2. **"INC-EVAL-044, 099, and 154 are the same template with `{user}/{host}`
   swapped — what does the multiplier buy vs. the dilution in regression
   signal?"** — The multiplier still buys breadth for connector regressions,
   but the eval suites now report a per-template macro alongside the
   per-case mean so a single broken template (~4 cases) moves the regression
   signal by ~1.8% rather than ~0.5%, and the failing template IDs are
   surfaced inline.

#### Added

- **Synthetic telemetry corpus**
  (`services/agents/tests/eval_data/synthetic_telemetry.jsonl`,
  `scripts/generate_eval_incidents.py`) — 361 backing events spanning 14
  log sources (Sysmon, Windows Security, M365 audit, Azure sign-in,
  CloudTrail, Linux auditd, journald, EDR, DNS, web access, Kubernetes
  audit, GitHub audit, VPN, DB audit), wired to all 200 incidents. Each
  event is a templated dictionary with `{user}/{host}/{ip}/{campaign}`
  placeholders resolved against the incident it backs, and carries the
  fields a real connector pivots on (process tree, principal, source IP,
  log source, event ID).
- **Telemetry event factories + recursive resolver**
  (`scripts/generate_eval_incidents.py`) — `_sysmon`, `_winsec`, `_m365`,
  `_azure_signin`, `_cloudtrail`, `_auditd`, `_journald`, `_edr`, `_dns`,
  `_web`, `_k8s`, `_github`, `_vpn`, `_db` produce base event shapes; a
  recursive resolver walks nested dicts and substitutes incident
  context. The 55 templates in `_TEMPLATES` each now carry a
  `template_id`, a `template_index`, and a tuple of telemetry events.
- **Schema + coverage gate** (`services/agents/tests/test_synthetic_telemetry.py`)
  — five new assertions: every incident has ≥ 1 backing event, every
  expected source is present, every event carries the source-specific
  pivot fields a real connector needs, all placeholders resolve, and no
  single template dominates the source distribution.
- **Per-template macros on every scoring suite**
  (`services/agents/tests/test_mitre_accuracy.py`,
  `test_investigation_completeness.py`, `test_response_quality.py`,
  `scripts/run_evals.py`) — each result now carries a
  `per_template_summary()` (mean, median, min, max, count, failing IDs)
  alongside the per-case mean, plus a new test gating macro accuracy ≥
  0.80 for MITRE / completeness and ≥ 0.75 for response-plan quality.
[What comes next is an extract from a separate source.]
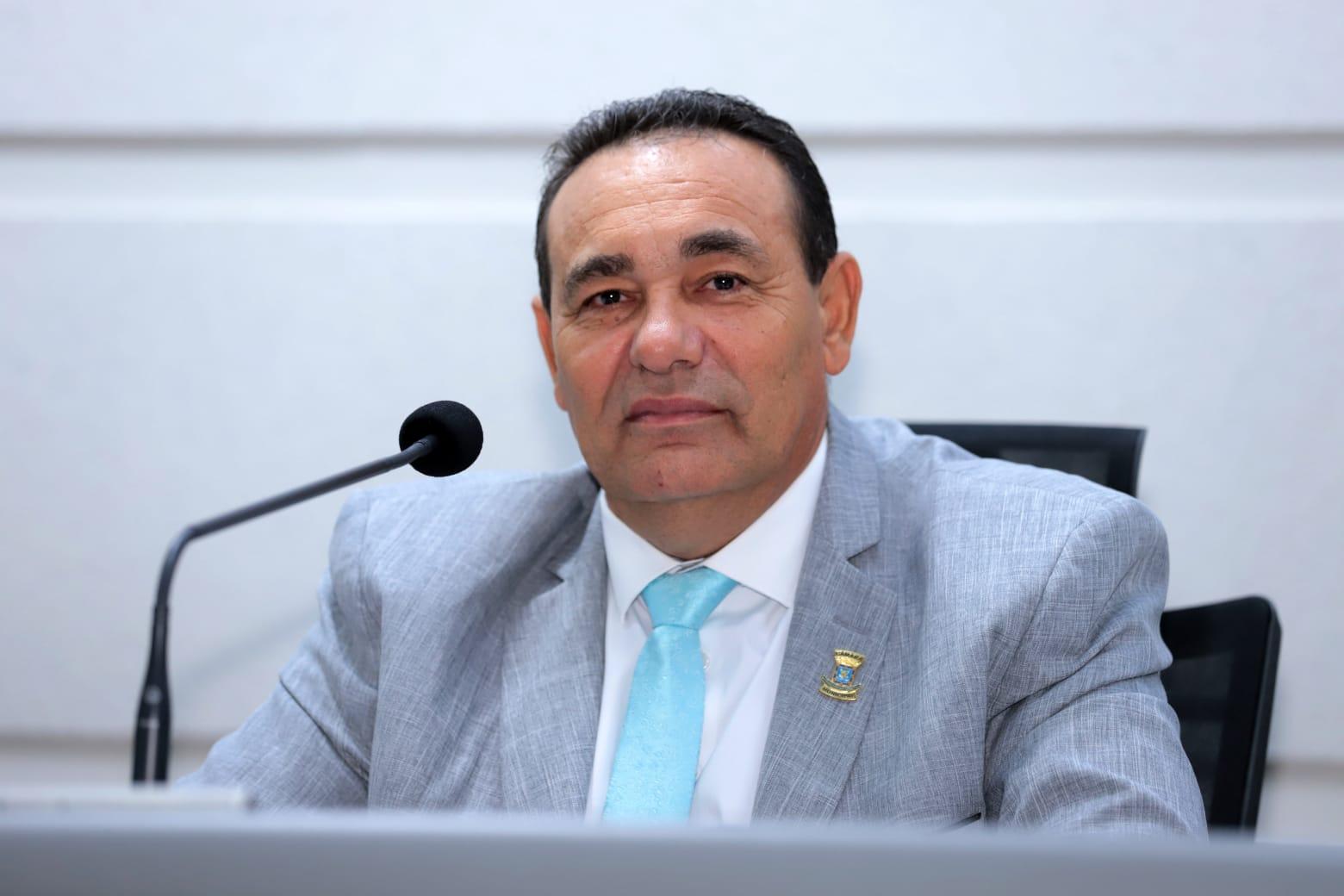 Carlão parabeniza trabalhadores e ressalta importância da capacitação e oportunidades.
A
  template-distribution-balance test asserts no single template accounts
  for > 5% of incidents (currently 0.5–2.0% each).
- **`run_evals.py` output expansion** — each suite headline now prints
  the per-case mean *and* the per-template macro with the failing
  template IDs inline; the human-readable summary appends a synthetic-
  telemetry footer (event count, source count, incident coverage, file
  path); `--json` output adds `per_template` and `telemetry` blocks.

#### Changed

- **Incident schema** — `synthetic_incidents.json` entries now include
  `template_id` (e.g. `m365_admin_impersonation`) and `template_index`
  fields. Existing fields are unchanged. Regenerated deterministically
  from the seeded RNG.
- **`apps/docs/docs/benchmark.md`** — added a "What's new (v1.4)"
  section, a "Per-case vs. per-template metrics" section explaining the
  ~0.5% vs ~1.8% sensitivity argument with worked examples, and a new
  "Synthetic telemetry corpus" section documenting the 14 sources, the
  pivot fields, the placeholder resolver, and the five schema/coverage
  checks. The "Help us harden the harness" call-outs now include adding
  a connector + Sigma rule against the corpus and adding a new template
  with backing telemetry. The "What this is not" section is updated to
  call out that the corpus is hand-shaped (not captured from a live
  tenant) and that the per-template macro is the non-tautological signal
  on top of the otherwise self-consistent gates.
- **`README.md`** — capability bullet rewritten to call out five suites
  (was four), 55 distinct templates, per-case + per-template macros, and
  the synthetic-telemetry coverage gate. The comparison table flags the
  eval harness as having a synthetic-telemetry corpus + per-template
  macros. Step 5b (`Run the public eval harness`) documents the new
  `python scripts/generate_eval_incidents.py` workflow for regenerating
  the dataset and the corpus together.
- **Eval signature on completeness + response-quality runs** — calls
  from `run_evals.py` now use `keep_per_incident=True` so the per-
  template summary is computable. Default behaviour unchanged for
  existing direct callers.

#### Why this matters

The v5.2 harness gave deterministic numbers but two real concerns existed:
duplicates could mask a broken template behind 199 working duplicates, and
there was no concrete telemetry shape for connector contributors to wire
against. v1.4 closes both: the per-template macro is the dilution-resistant
regression signal that surfaces template-class breaks, and the synthetic
telemetry corpus is the connector-development contract.

---

### Honesty + scale pass (P0–P4 of the post-gimmick improvement plan)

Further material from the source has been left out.